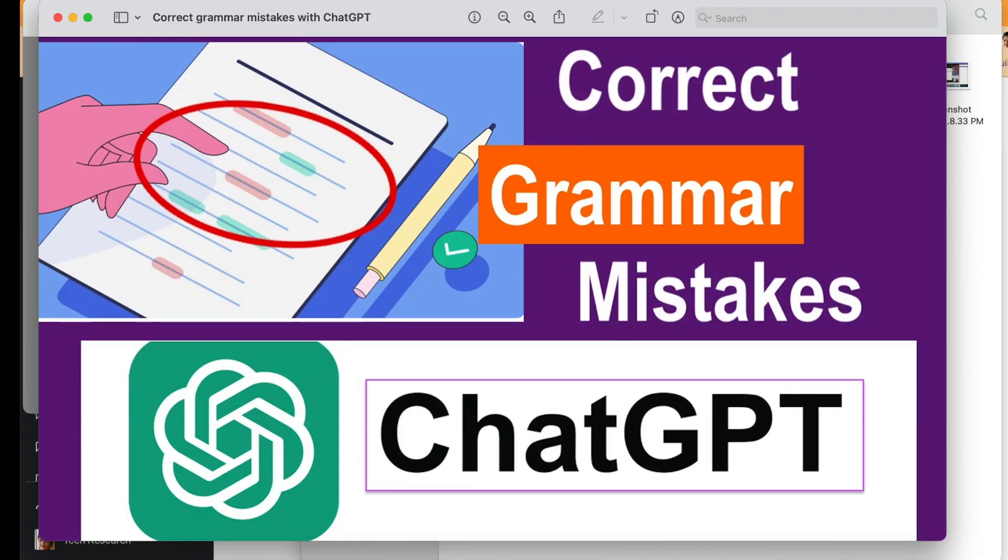In today's video, I came up with a very interesting topic: how ChatGPT, the most buzzing word, can be used for correcting grammar mistakes. Is that also possible? I just came across a situation where I was learning a new language, like Danish.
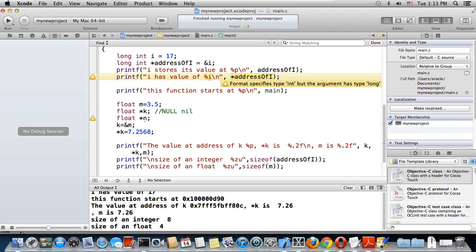Hello, this is Rani Ahmed. This is lesson 11 on programming using the language Objective-C on the Macintosh operating system platform. In this lesson I'm going to talk about how to use pointer variables.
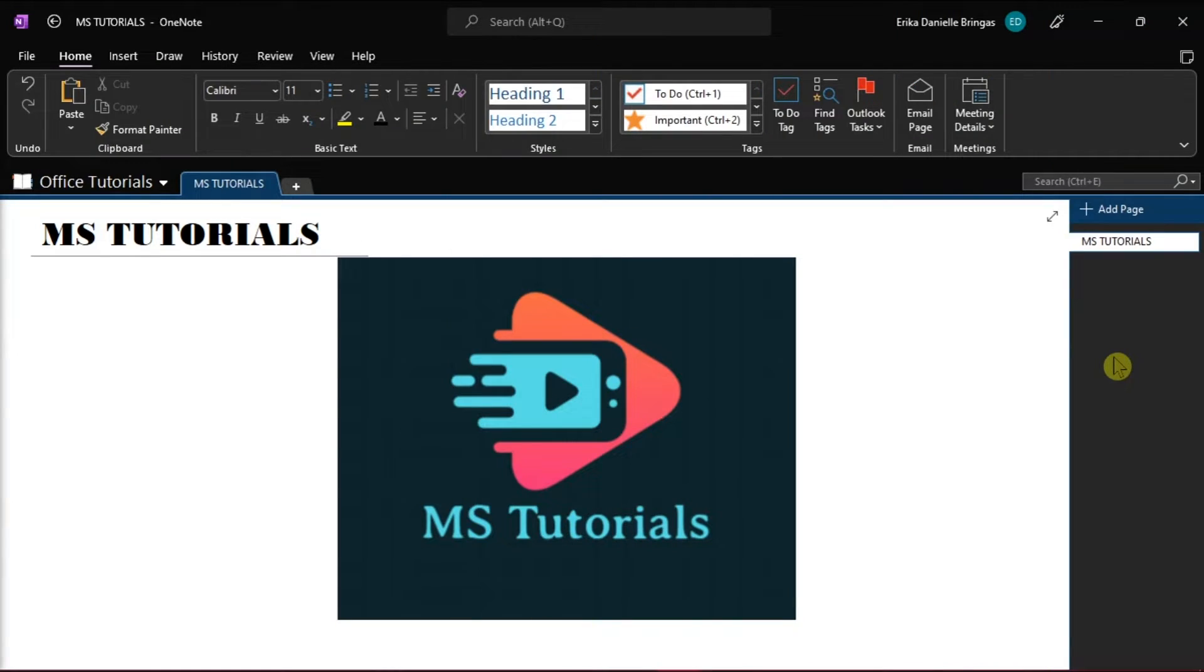In using OneNote, you can capture your thoughts, discoveries, and ideas in your very own digital notebook.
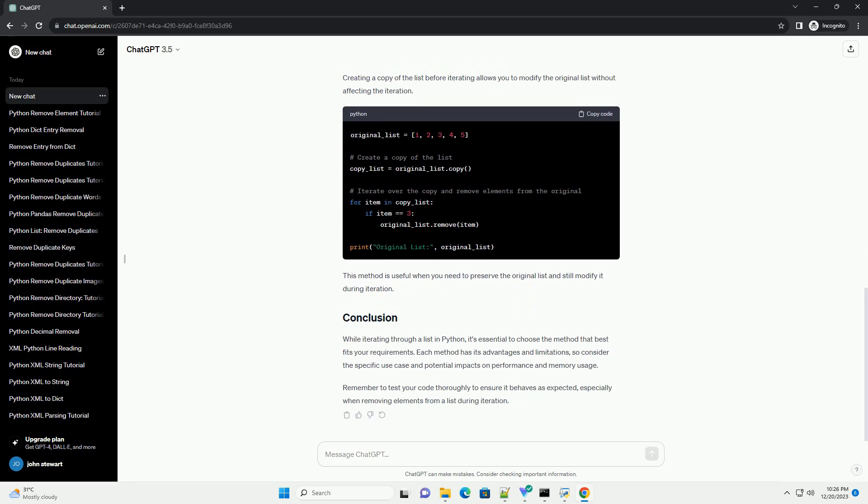Iterating in reverse allows you to safely remove elements from the end of the list without affecting the iteration order. This method is suitable for scenarios where the order of elements doesn't matter, and you want to remove specific elements from the list.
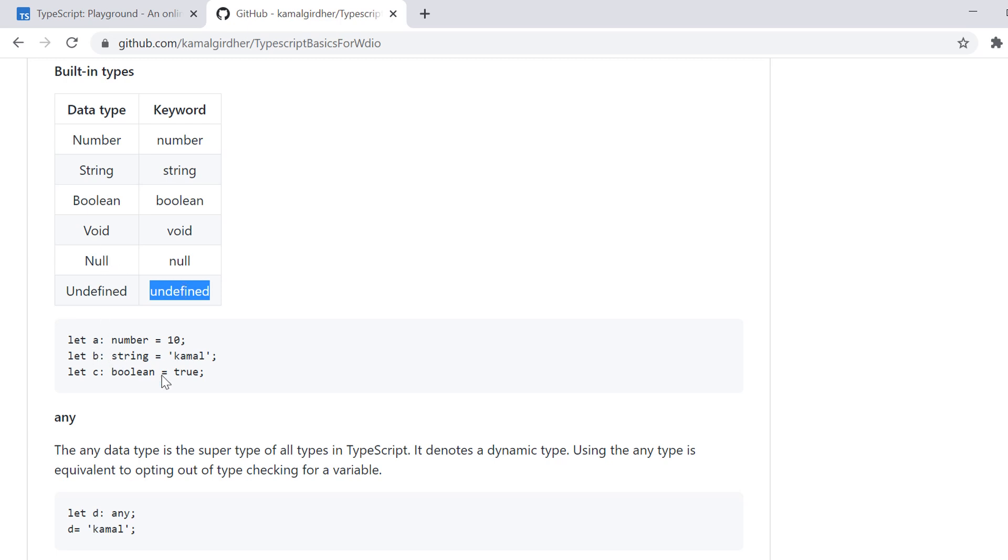The last type is Any, which I was telling you that it is superset of all the types and I'll take an example of it in our next tutorial.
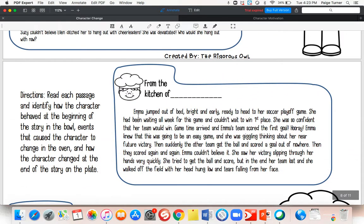Here's a really good one — this starts with Emma, probably my favorite. Emma jumped out of bed bright and early, ready to head to her soccer playoff game. She had been waiting all week for this game and couldn't wait to win first place. She was so confident that her team would win. Game time arrived and Emma's team scored the first goal — hooray! Emma knew this was going to be an easy game, and she was giggling, thinking about her near future victory. Then suddenly the other team got the ball and scored a goal out of nowhere. Then they scored again and again. Emma couldn't believe it — she saw her victory slipping through her hands very quickly. She tried to get the ball and score, but in the end her team lost, and she walked off the field with her head hung low and tears falling from her face.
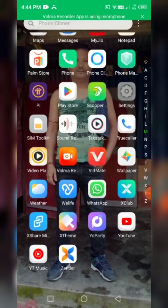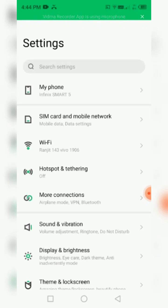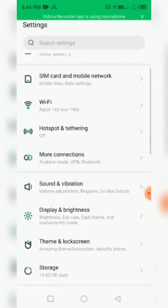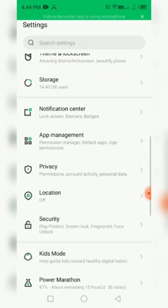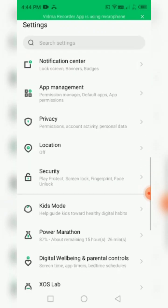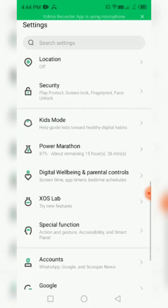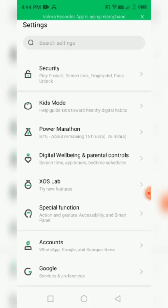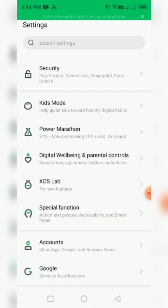The first thing is the setting. The setting is the Infinity Mobile. The setting is the option. This is the special function of the Smart Panel.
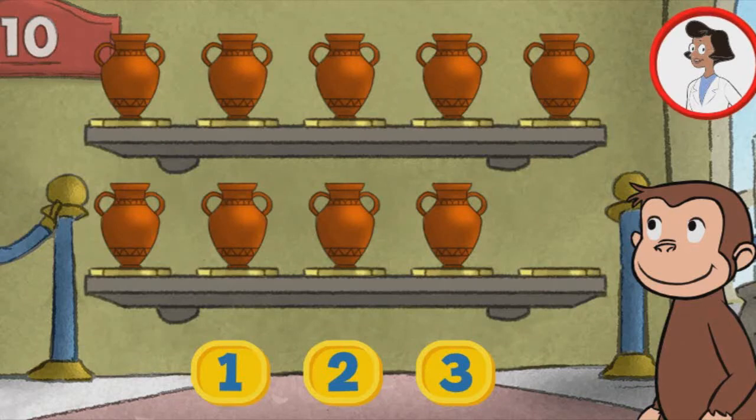Welcome to the museum. Each exhibit should have 10 things, but some are missing. Click the number below to tell George how many more things are needed so that 10 are on display.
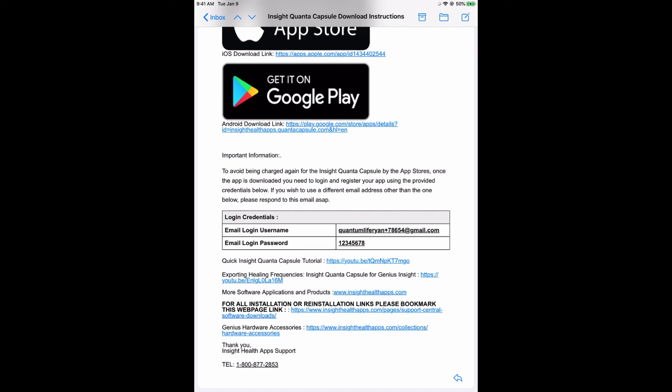As you can see on the bottom, we've got some tutorials here that you can click on to follow the tutorials in terms of how to utilize the Insight Quanta Capsule. Thank you.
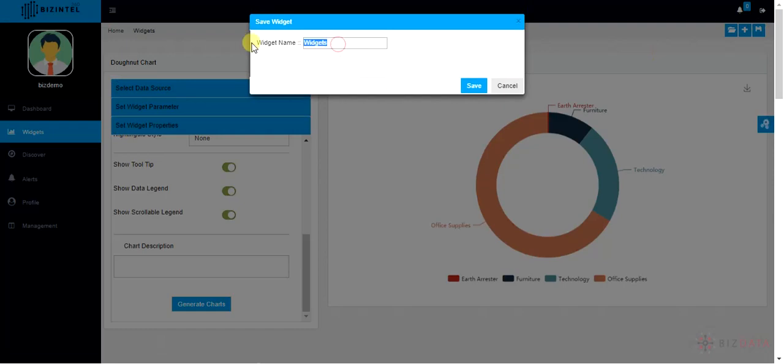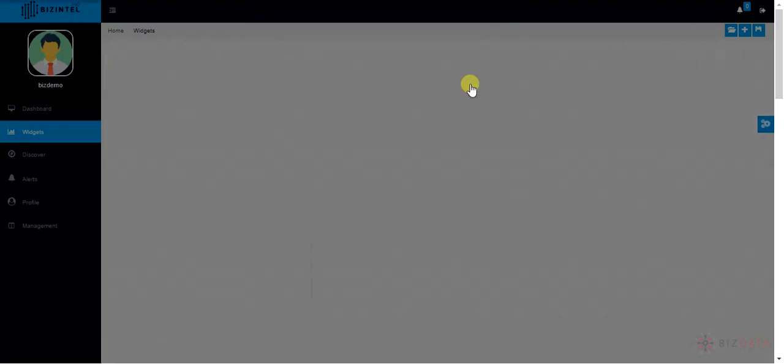Now, click on save button appearing on top right hand side, name your widget. Click on save. This is it.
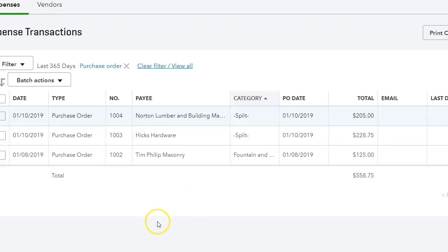That's what I wanted to share with you today on how to view purchase orders in QuickBooks Online. Please subscribe to my channel so you can see how to create a purchase order in an upcoming QuickBooks tutorial. I will see you on the next one.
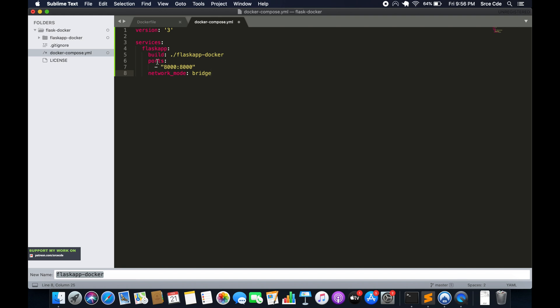Apart from host and bridge, you can define network_mode as 'overlay'. Overlay networks connect multiple Docker daemons together and enable swarm services to communicate with each other. You can also define network_mode as 'macvlan' — macvlan networks allow you to assign a MAC address to a container so it acts as a physical device on your network, routing all traffic to the container using that assigned MAC address. Finally, network_mode can be set to 'none', which disables all networking.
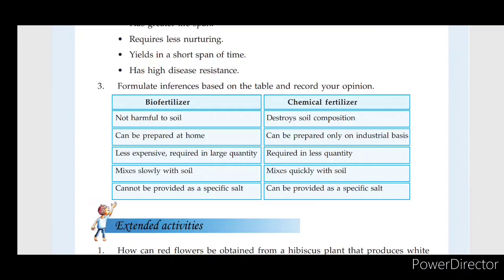Chemical fertilizer tends to destroy soil composition and can be harmful to the soil.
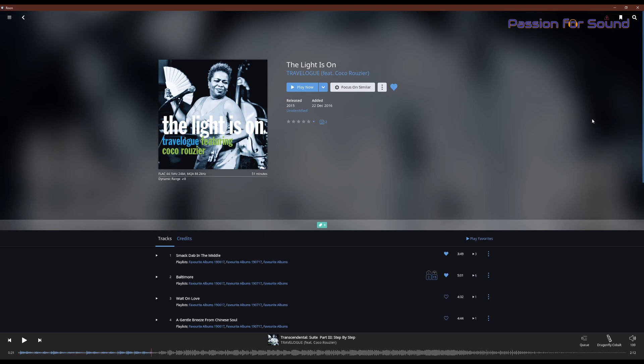So hopefully this is helpful. Again, apologies that there was some misinformation in the original review of the Cobalt. Hopefully this has clarified it for you. Thanks for checking out this video, and I'll look forward to seeing you again soon on Passion for Sound.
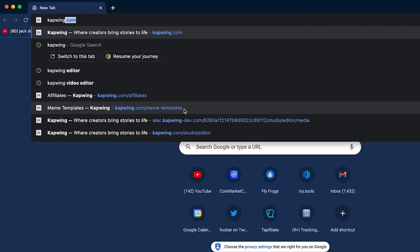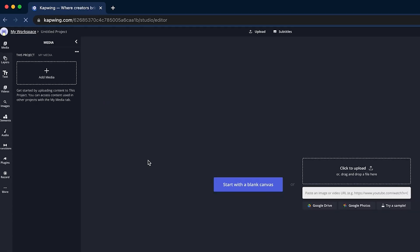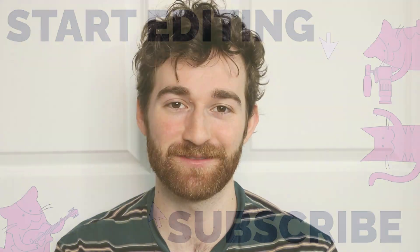And the best part is you can do this all online without downloading any software at all. So click the first link in the description, upload your videos to Kapwing, and start creating your story today. We hope you'll enjoy the new transitions library — I cannot wait to see what you guys create. Make sure to subscribe to the channel so you're always updated when other product updates or announcements are made. We'll see you guys in the next one.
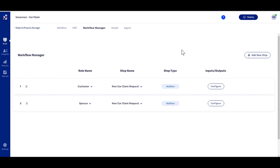To add a condition, hover above a step and click the three dots. Click condition to continue.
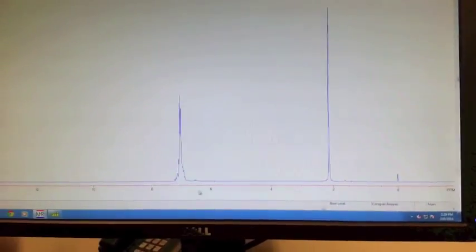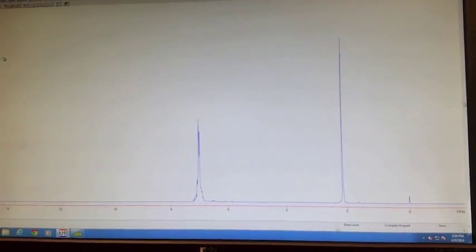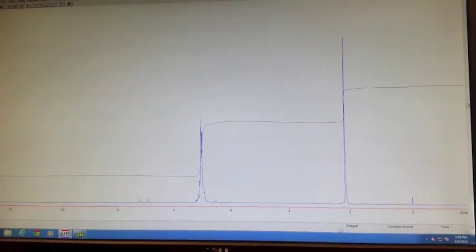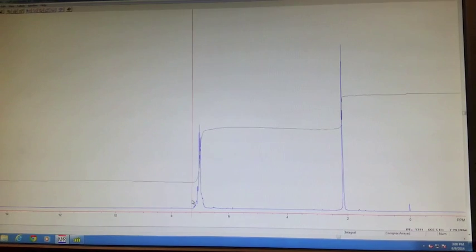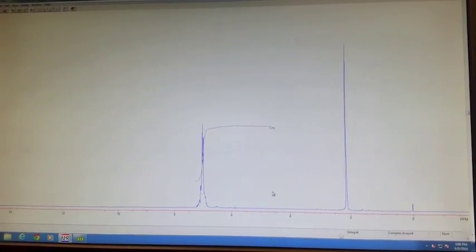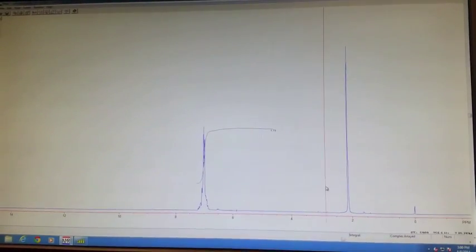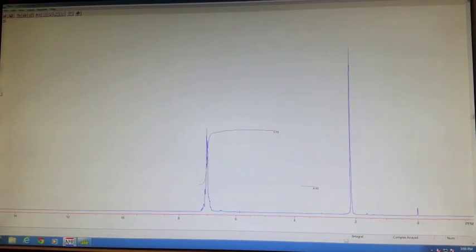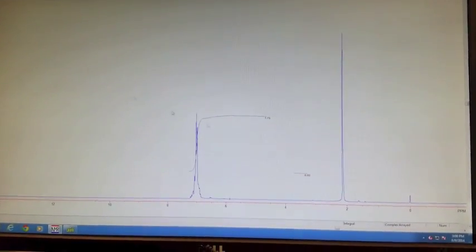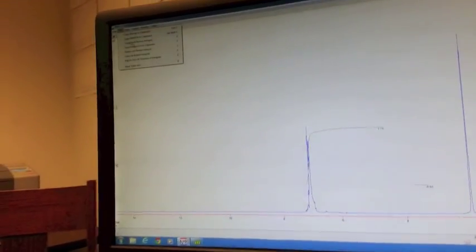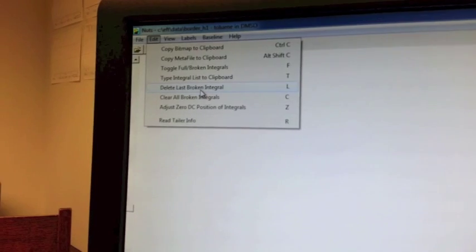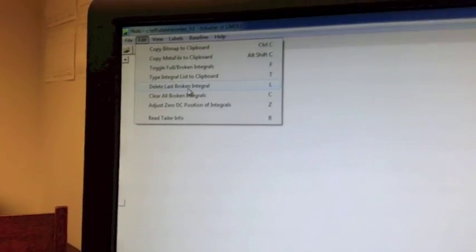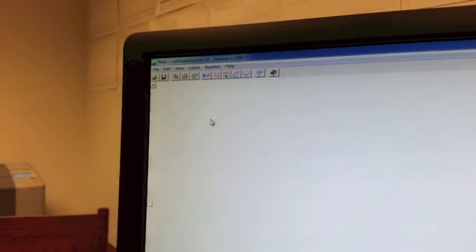The next problem that people often run into happens when integrating. Sometimes people integrate the wrong area, like too wide for example, or you just integrate a random place. To fix that, you can go to Edit and you can either delete your last broken integral, which will get rid of the last integral you just defined. Or you can go to Edit, clear all broken integrals, and just start all over again.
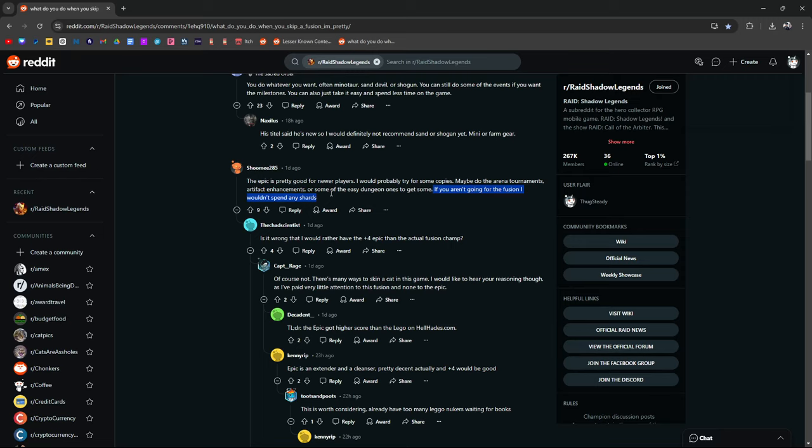Nut is out right now with progressive chance. It's enticing. Imagine having two Nuts. Is it wrong? I would rather have the plus four epic than the actual fusion champion. I don't think so, of course not. There's still many ways to skin a cat in this game.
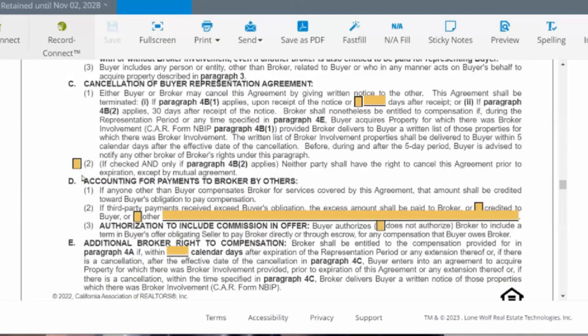A participant asked: if they cancel, what way do they cancel — do they have to initial something? They could just send you an email because buyers don't have access to our forms. If we're canceling on them, there's a form we should use, but buyers can just send an email saying they're canceling.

#### Instructions for the task:
Only the lines from the beginning of the listing up to and including the line with "The last type" should appear in the reply, copied word for word and free of pictures.

#### Solved exercise:
In today's video, I came up with a very interesting topic: how ChatGPT, the most buzzing word, can be used for correcting grammar mistakes. Is that also possible? I just came across a situation where I was learning a new language, like Danish.
Hello, this is Rani Ahmed. This is lesson 11 on programming using the language Objective-C on the Macintosh operating system platform. In this lesson I'm going to talk about how to use pointer variables.
In using OneNote, you can capture your thoughts, discoveries, and ideas in your very own digital notebook.
Iterating in reverse allows you to safely remove elements from the end of the list without affecting the iteration order. This method is suitable for scenarios where the order of elements doesn't matter, and you want to remove specific elements from the list.
The last type is Any, which I was telling you that it is superset of all the types and I'll take an example of it in our next tutorial.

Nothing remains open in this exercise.